**Task item**:
Write again exactly the lines in the listing below, starting at the line with "Birchcroft China Thimble" and ending at the line with "Bán Honda CB500X đời 2021", both included. Pictures are not copied.

**Exercise input**:
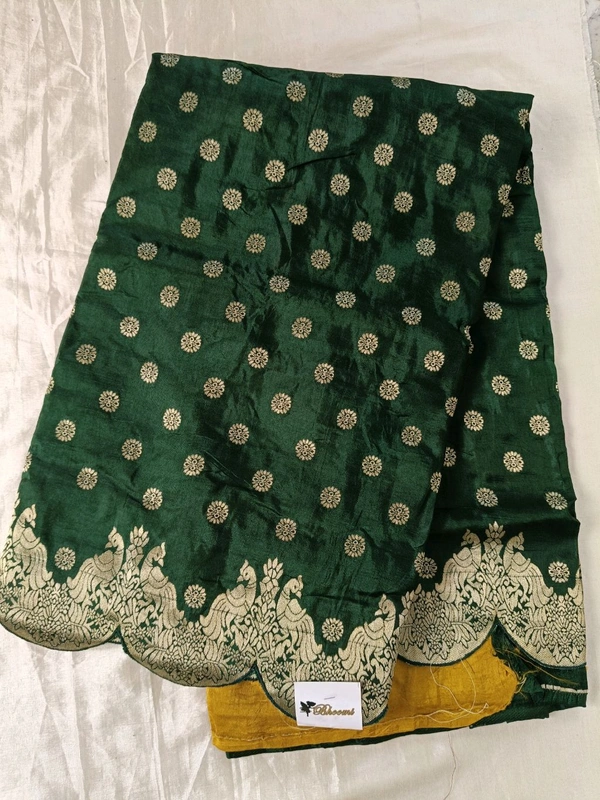 DOLA SILK  - Japanese Laurel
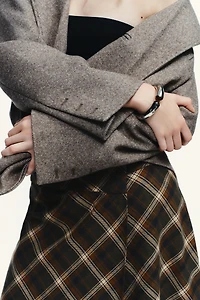 BRACELET RIGIDE PIERRE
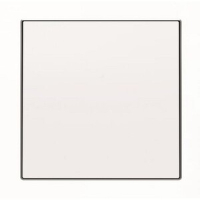 Накладка для кабельного вывода и выключателя со шнурком, альпийский белый ABB 2CLA850700A1101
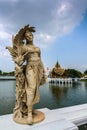 Angel Statue Royalty Free Stock Photo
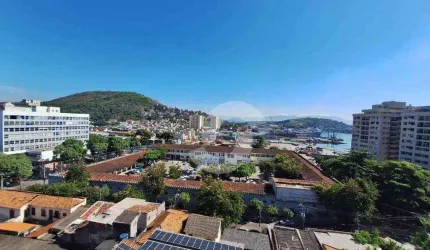 Apartamento com 2 dormitórios à venda, 72 m² por R$ 360.000,00 - Centro - Niterói/RJ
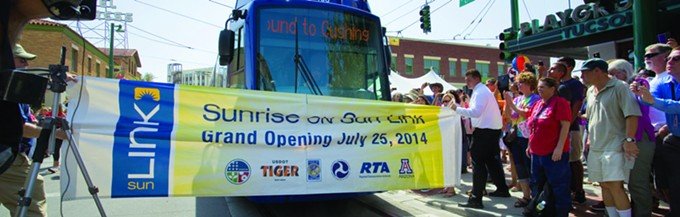 A Decade of Service: Sun Link Streetcar celebrating 10 years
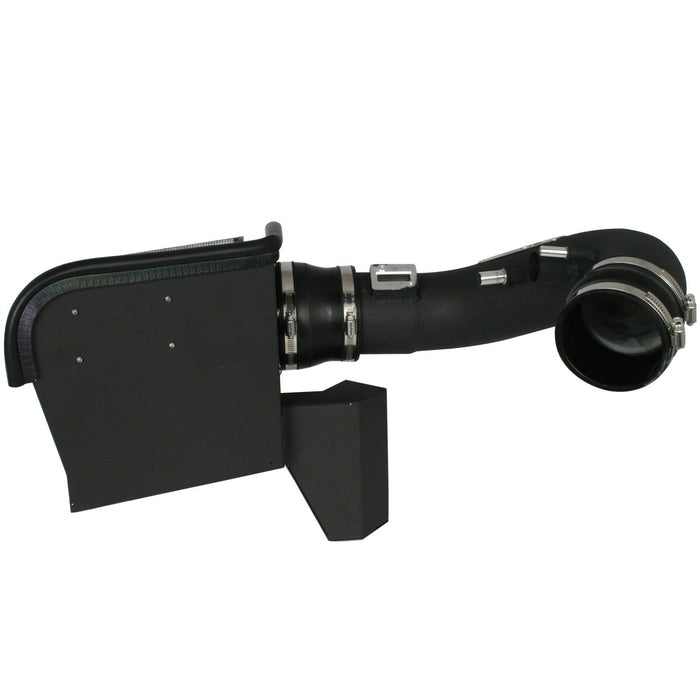 aFe Power Magnum Force Stage-2 Cold Air Intake System w/ Pro Media Ford Mustang 11-14 V8-5.0L
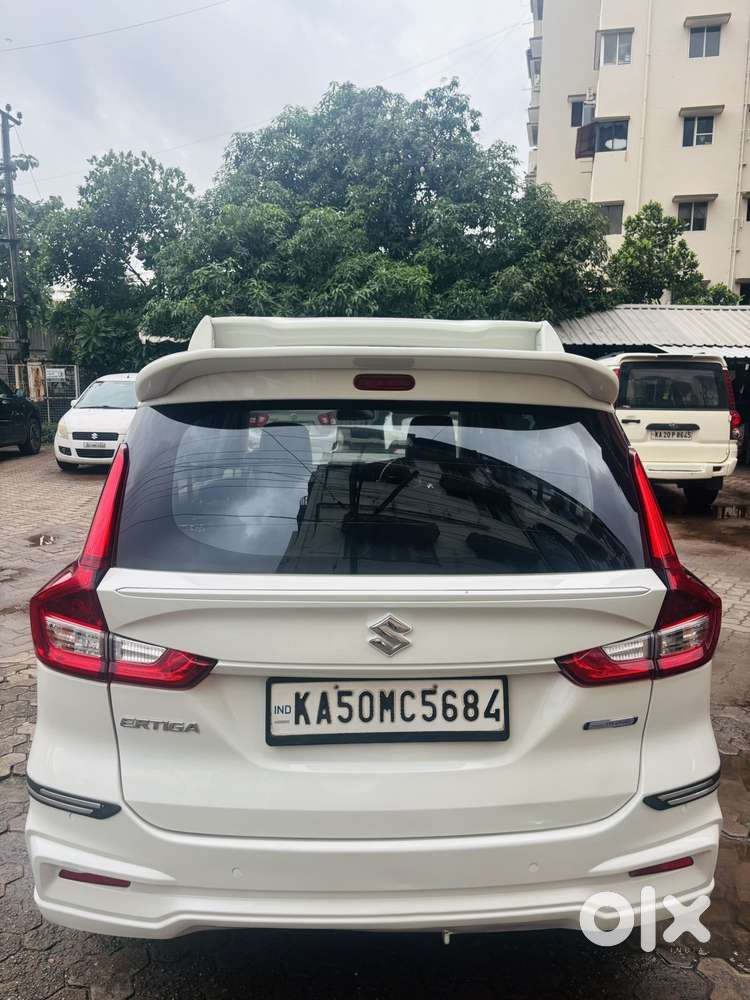 Maruti Suzuki Ertiga Vxi Shvs, 2023, Petrol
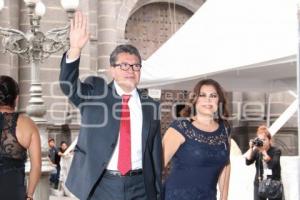 BODA CÉSAR YÁÑEZ Y DULCE MARÍA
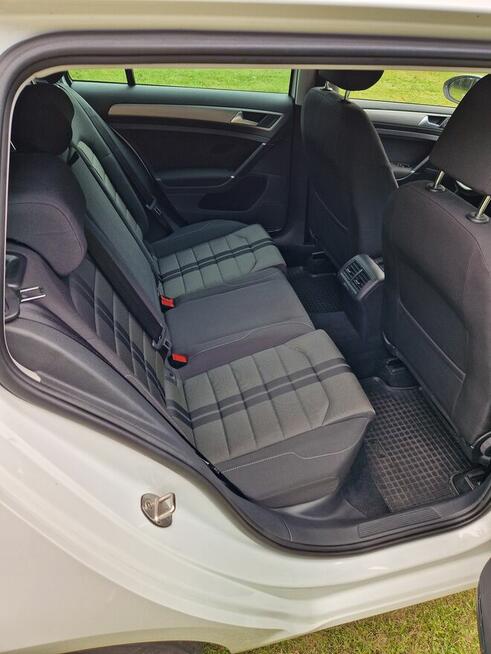 Volkswagen Golf VII 1.4 TSI BMT Comfortline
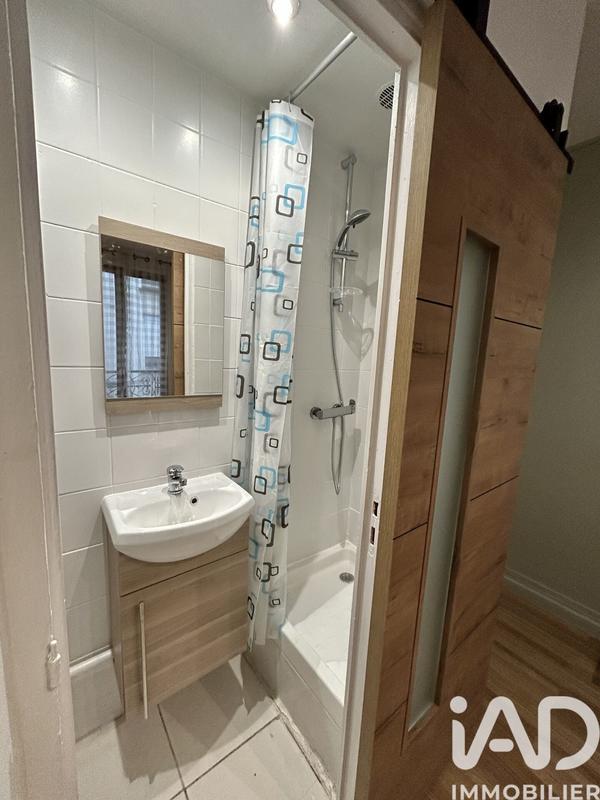 Appartement - 23 m² - 2 pièces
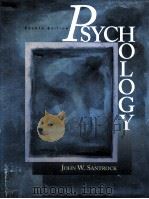 PSYCHOLOGY FOURTH EDITION REVISED   1994  PDF电子版封面     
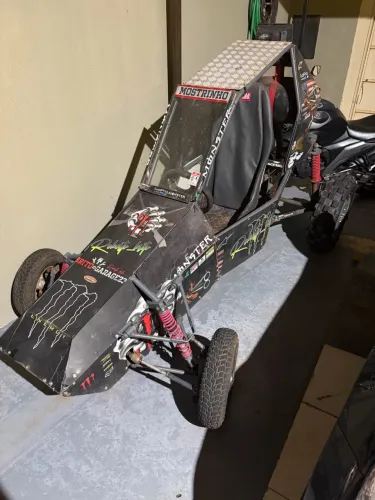 Vendo Kart cross 250cc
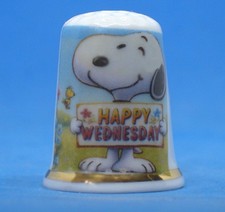 Birchcroft China Thimble --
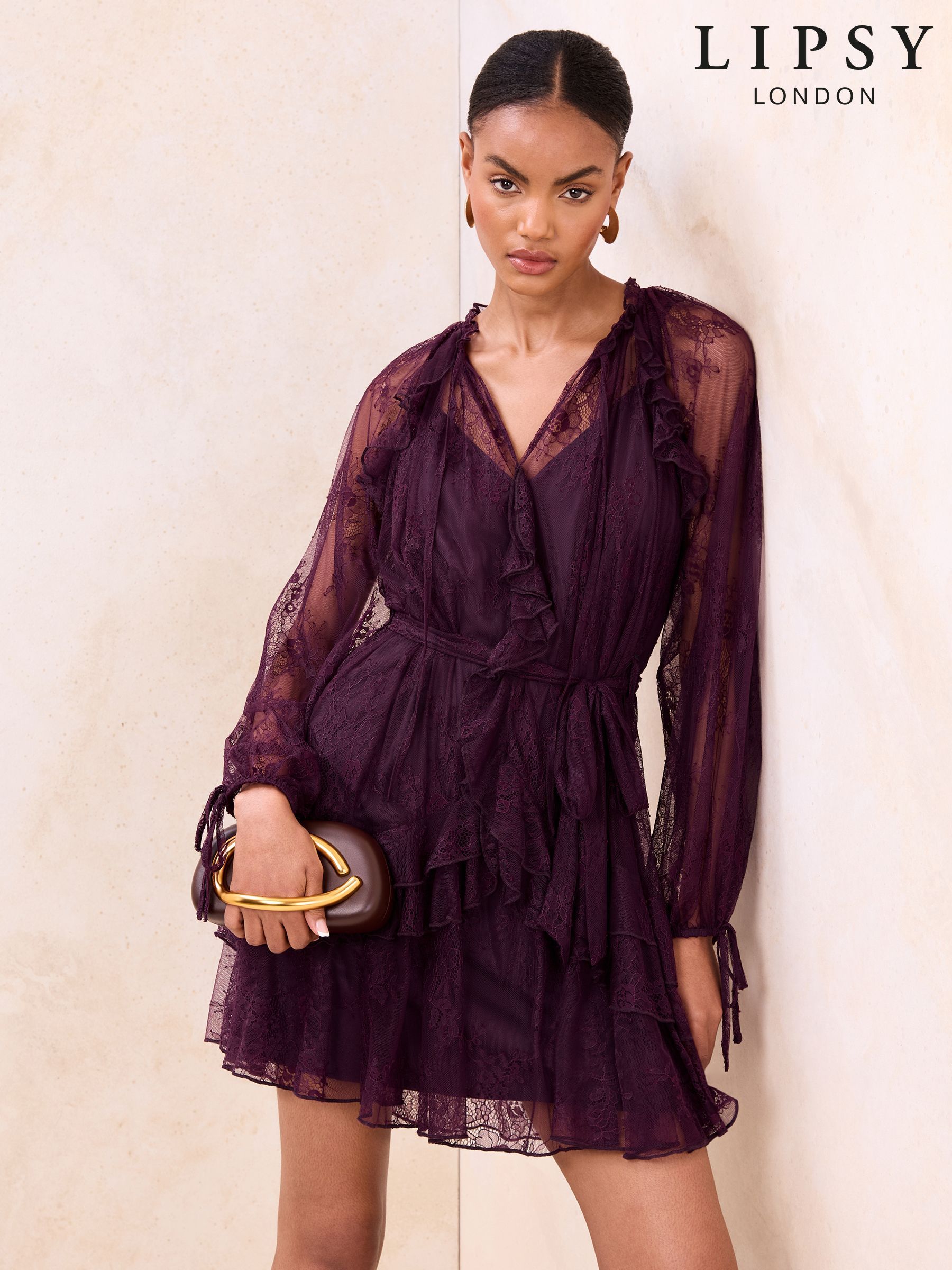 Shop Lipsy Dresses | Lipsy London Dresses | Next Japan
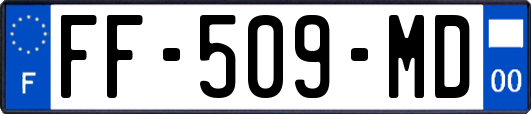 FF-509-MD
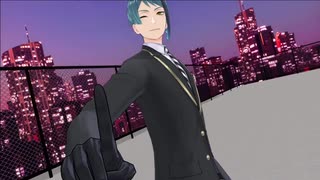 【MMDツイステ】ラストリゾート【ジェイド】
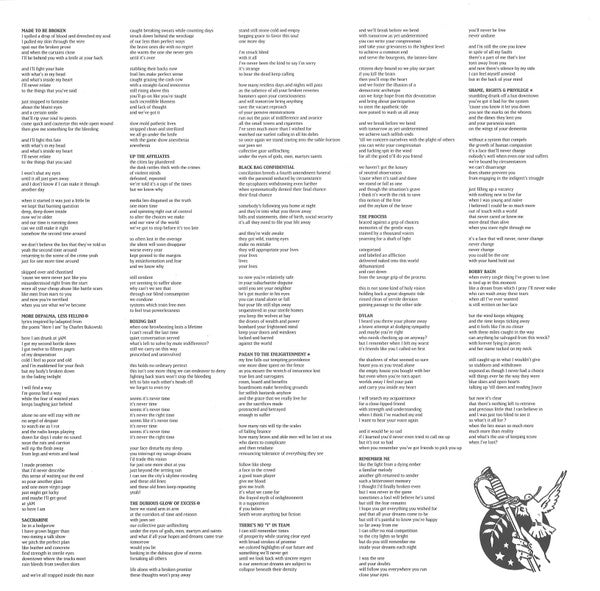 Good Riddance : Bound By Ties Of Blood And Affection (LP,Album)
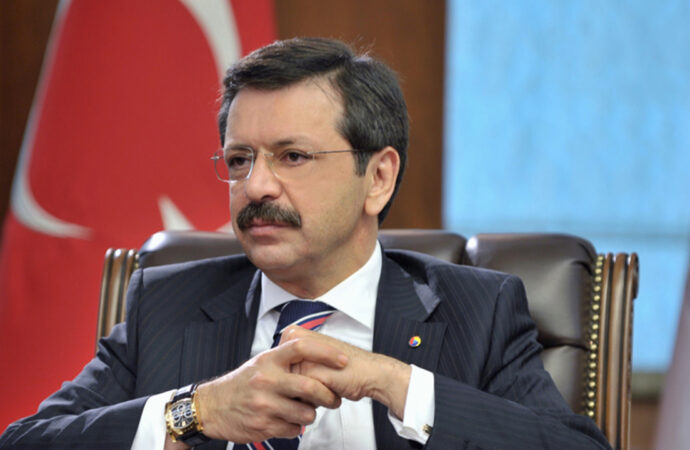 TOBB Başkanı Hisarcıklıoğlu’ndan Made in EU şartı açıklaması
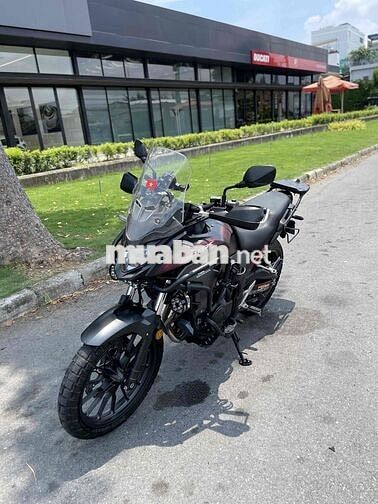 Bán Honda CB500X đời 2021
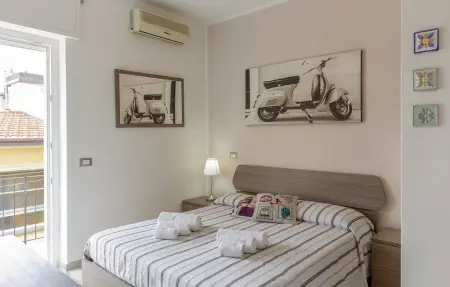 Sul mare, Appartement 6 personnes à Lido di Camaiore (LU) - Photo 12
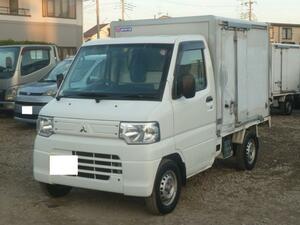 Minicab Truck -5℃冷凍冷蔵vehicle　Cooルボーイ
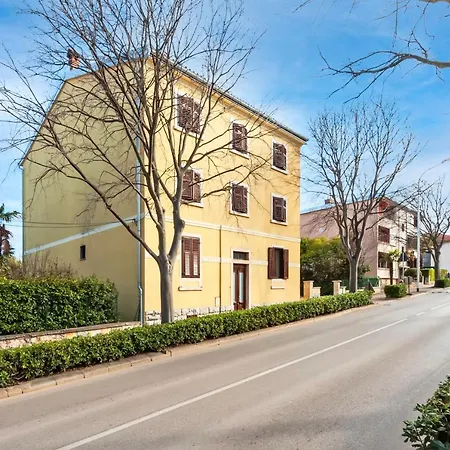 Roze Apartament Rovinj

**The completed task**:
 Birchcroft China Thimble --
 Shop Lipsy Dresses | Lipsy London Dresses | Next Japan
 FF-509-MD
 【MMDツイステ】ラストリゾート【ジェイド】
 Good Riddance : Bound By Ties Of Blood And Affection (LP,Album)
 TOBB Başkanı Hisarcıklıoğlu’ndan Made in EU şartı açıklaması
 Bán Honda CB500X đời 2021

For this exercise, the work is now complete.